Either way, there are pros and cons to each cut of meat, but when it comes down to flavor and tenderness, we recommend trying both cuts at least once to make up your own mind!
Frequently Asked Questions
Where is the T-bone Located on a Cow?
The T-bone steak, or porterhouse, gets its name from its distinctive shape: It’s cut from the short loin section of a cow and includes both a section of tenderloin and a section of New York steak.
The bone itself actually separates one side of meat from another—the larger side contains a section of strip steak, while the smaller side is made up mostly of filet mignon.
Because it contains such high-quality cuts of meat, it’s often considered one of the most expensive steaks you can buy at your local butcher shop or supermarket deli counter. But don’t let that scare you away!
What Two Steaks Make Up A T-Bone?
A T-bone steak comprises two steaks, each with its name: a New York strip steak and a filet mignon. The strip steak, which makes up most of one side of a T-Bone, is cut from closer to the cow’s rump and contains more fat than a filet mignon, which comes from nearer to its spine.

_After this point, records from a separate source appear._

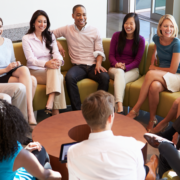 Group sitting down and debriefing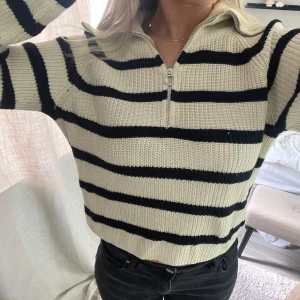 Randig stickad tröja från Lindex - Säljer en superfin stickad tröja från Lindex i storlek S💘Den är beige/vit med svarta ränder och har en dragkedja framtill. Perfekt för hösten 🍁🍂Tröjan är långärmad och har en normal passform. 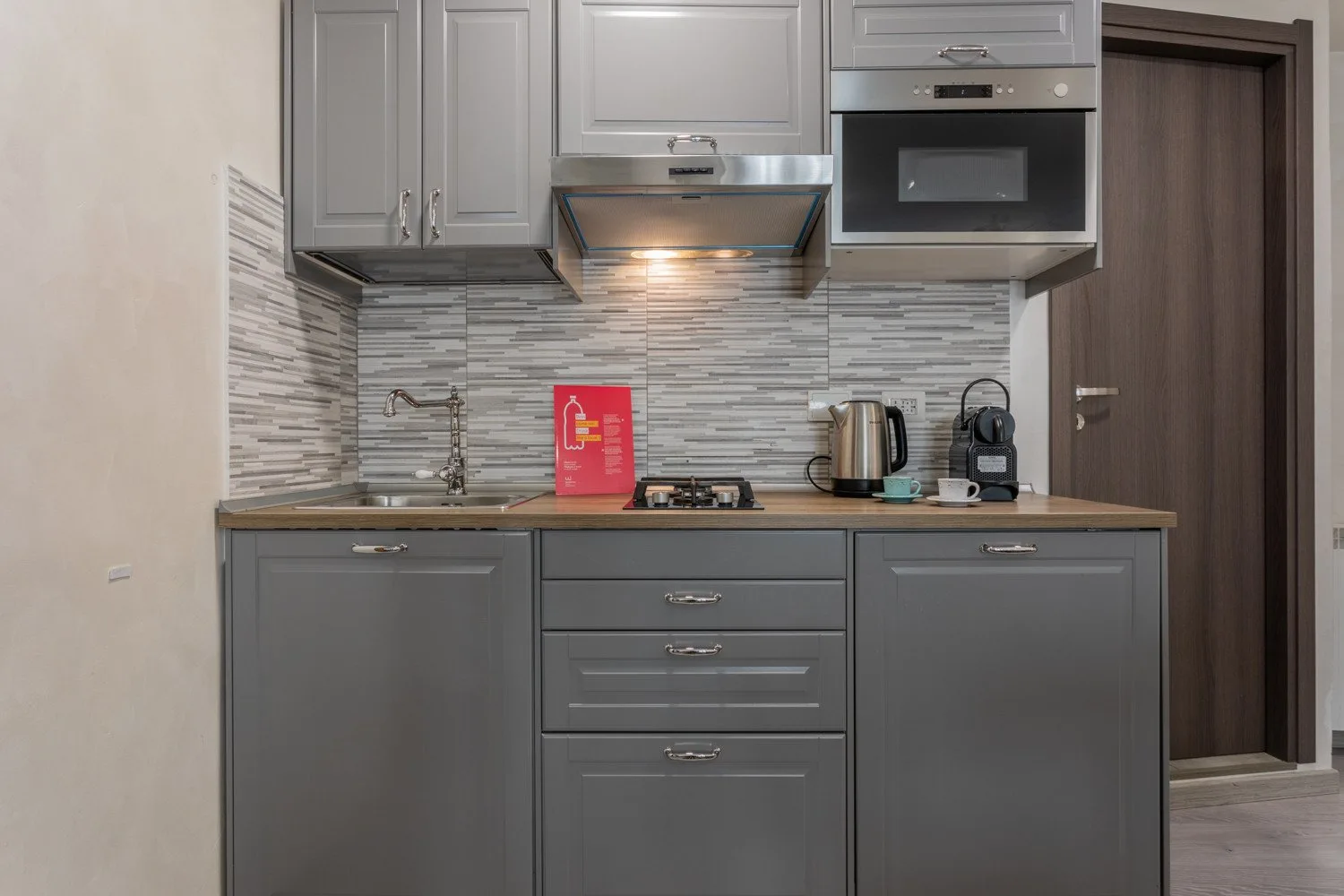 A modern kitchen with gray cabinets, a cooktop, and countertop appliances.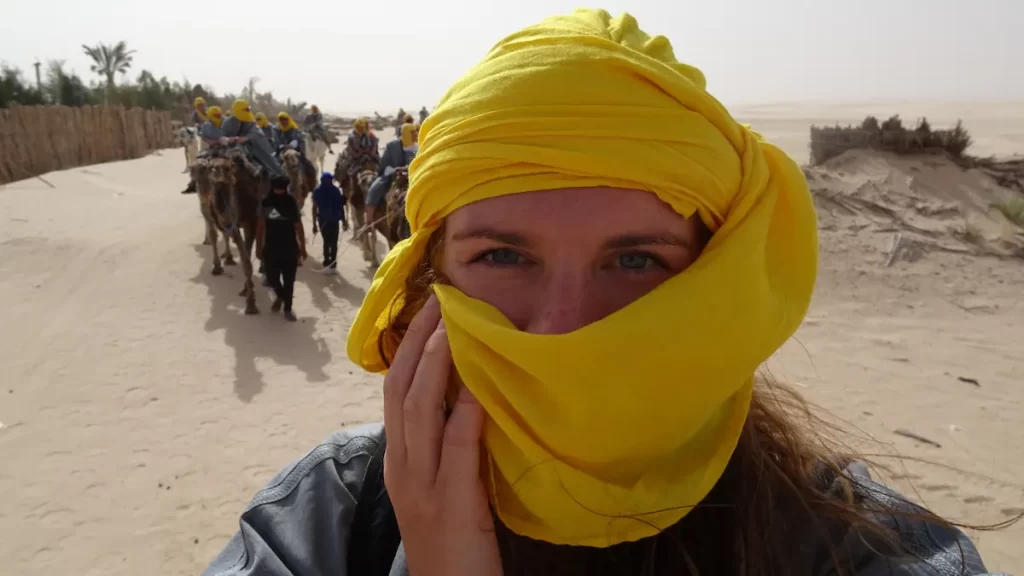 Woman in a yellow headscarf on a camel in a sandy desert with several other people behind her also on camels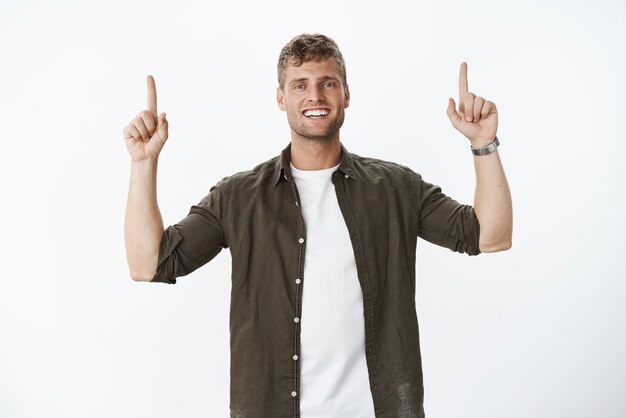 We are champions belong top Portrait of satisfied goodlooking happy blond european male with perfect white smile grinning as pointing up with raised hands showing something awesome and cool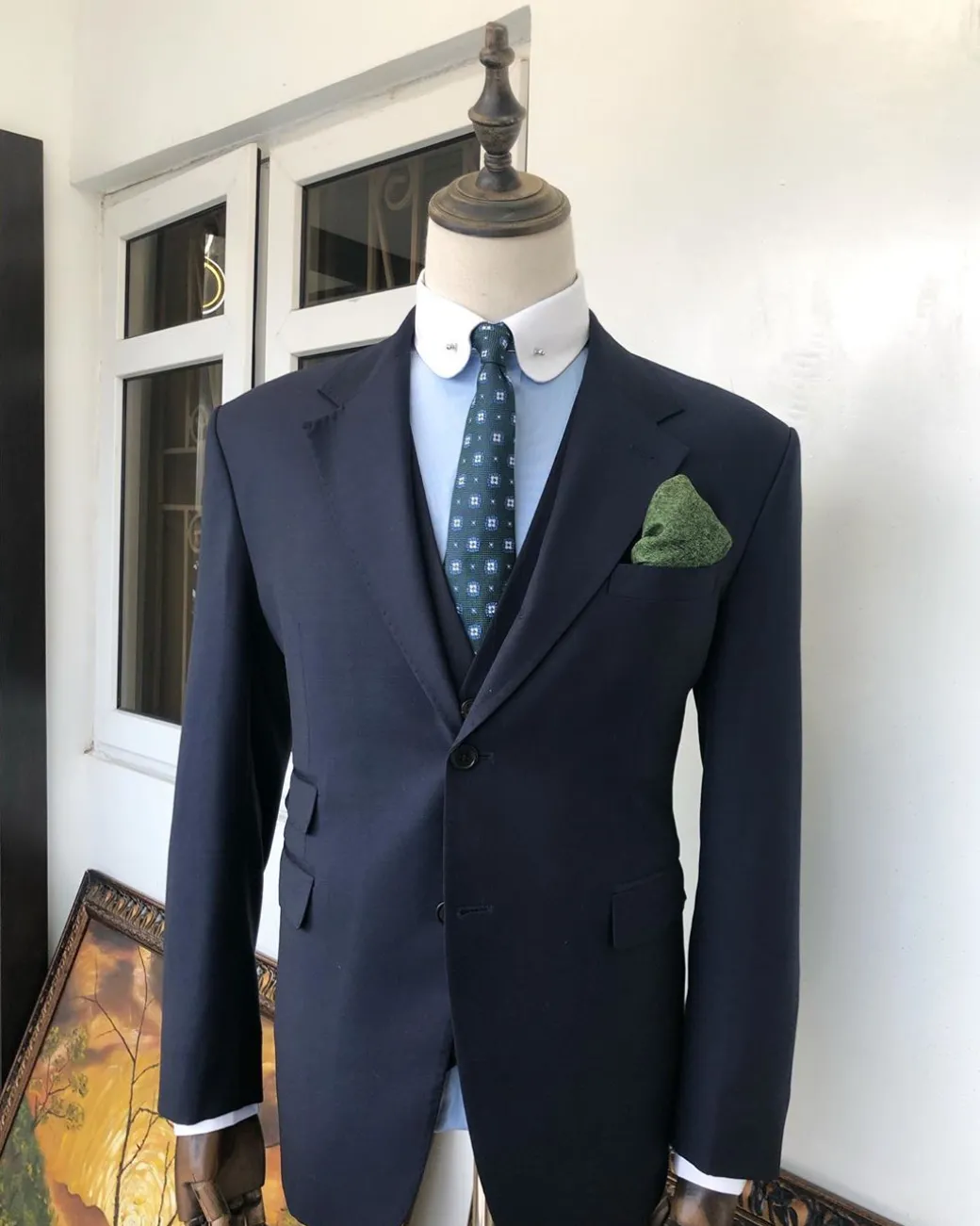 A Navy Blue notch lapel Suit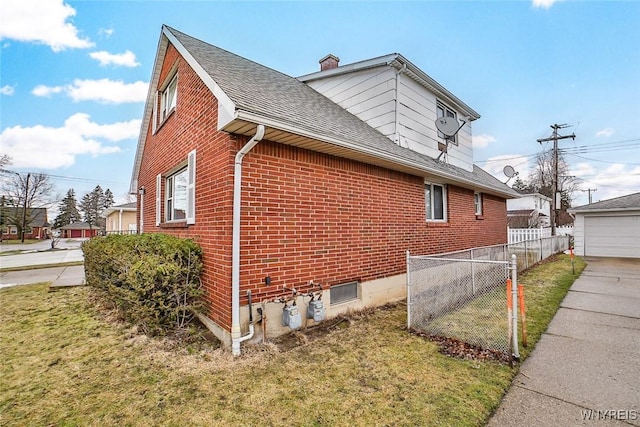 view of side of property with brick siding, a shingled roof, fence, a yard, and a chimney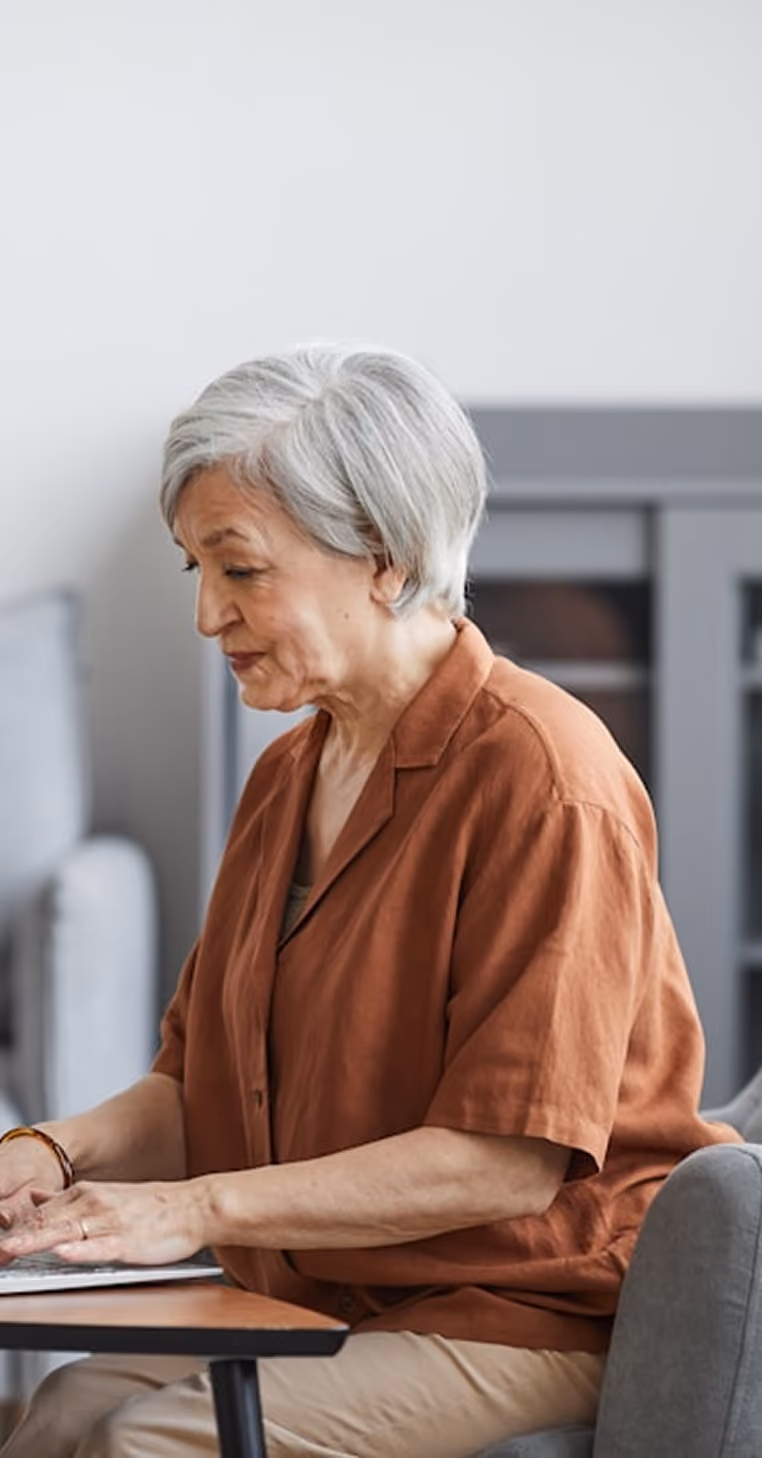 Femme âgée aux cheveux gris travaillant sur un ordinateur portable à une table intérieure.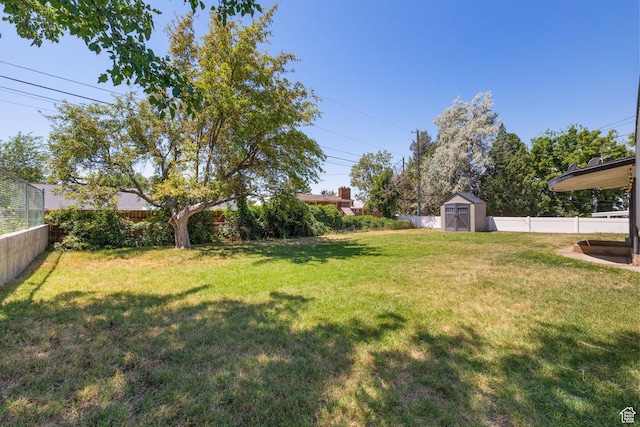 2111 W 5800 S, Roy, UT 84067 - fenced backyard with a storage unit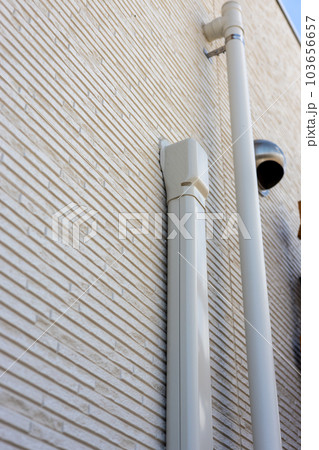 一戸建て住宅の外壁に取り付けてあるエアコンのドレーンと竪樋 一戸建て住宅の外壁に取り付けてあるエアコンのドレーンと竪樋 103656657
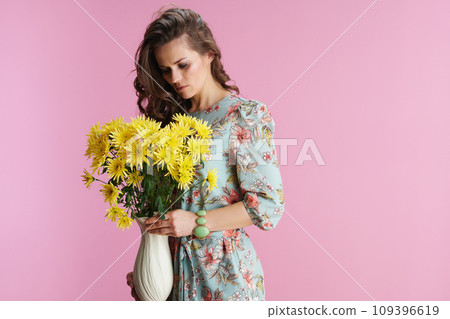 young female with long wavy brunette hair on pink 109396619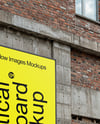 Outdoor Vertical Billboard on a Building Mockup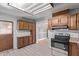Traditional kitchen design with wood cabinetry and an electric range oven at 3823 W Berridge Ln, Phoenix, AZ 85019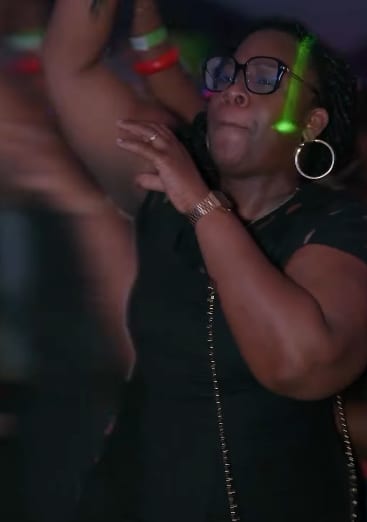 Une invitée danse, bras levés, sous les lumières de la soirée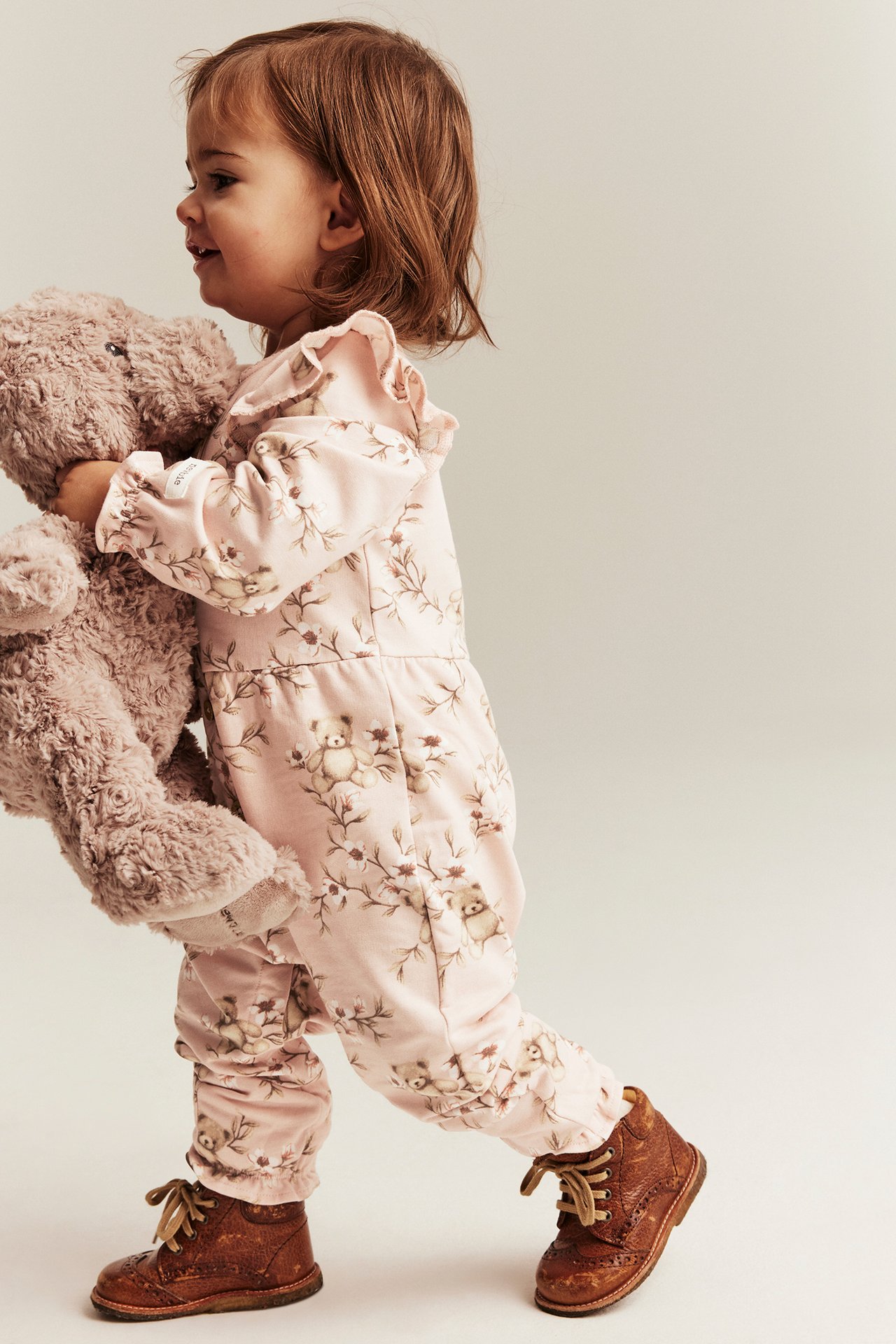 Side view: baby wears light pink cotton floral-teddy jumpsuit with ruffles and brown boots, holding a teddy bear.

It also tends to be larger than a filet mignon. The smaller side of a T-bone (or porterhouse) is known as a filet mignon, which translates from French as dainty fillet. It gets its name because it has very little marbling (fat), making it much leaner than other cuts on a cow—and therefore less dainty in comparison!
Is T-bone and Tomahawk the Same?
No, they’re not. While both a T-bone steak and a tomahawk steak are cut from a cow’s short loin, they come from different parts of that section of meat. A tomahawk steak is cut further down on a cow’s rib cage than a porterhouse or T-bone, so it contains more bone—and it’s also smaller in size than either of those cuts.
Besides, you can differentiate it using the long bone left like a handle when you slice off a portion of meat. It’s called tomahawk because it resembles an axe head.
Related: How to Cook a Tomahawk Steak
Is Ribeye Part of T-Bone?
No, it’s not. While a ribeye is cut from a cow’s short loin, it comes from closer to its shoulder than a porterhouse or T-bone. It also contains more fat and marbling than either of those cuts, making it more tender—and less expensive.
Is T-Bone a Good Cut of Meat?
Yes, it is. The tenderloin and strip steak on one side of a T-bone are great cuts, while its filet mignon is considered one of the most tender steaks you can buy at your local butcher shop or supermarket deli counter.
If you’re looking for an expensive steak that’s also easy to cook, you can’t go wrong with a T-bone steak. It’s also flavorful enough to stand up well when cooked in various ways, including pan-searing, grilling, broiling, roasting, and even smoking.
Which is Better T-Bone or Porterhouse?
It’s hard to say. While you can’t really compare them to other steak cuts because they come from the exact same parts of a cow, both a T-bone and porterhouse are delicious—and each offers its own advantages over one another.
For example, while a porterhouse has more fat than a T-bone, it also has much larger portions of tenderloin and strip steak on its small side (filet mignon). In comparison, a T-bone is leaner but smaller in size. However, if you want to make sure that your cut is as large as possible, go with a porterhouse!
For a more detailed explanation, be sure to check out our guide on Porterhouse vs T-Bone.
When it comes to steak, you have a lot of options. Even within T-bone and ribeye steaks alone, many different cuts and differences in taste can keep your mouth watering for more.
However, before you put either of these down on your dinner plate, remember that they’re not all created equal. Some taste better than others due to where they come from on a cow’s body and how they were cooked. Your best bet is to get both in one package to try them out yourself.
If not, do as much research beforehand, so you know what you’re getting yourself into before placing an order or making any commitments at a restaurant!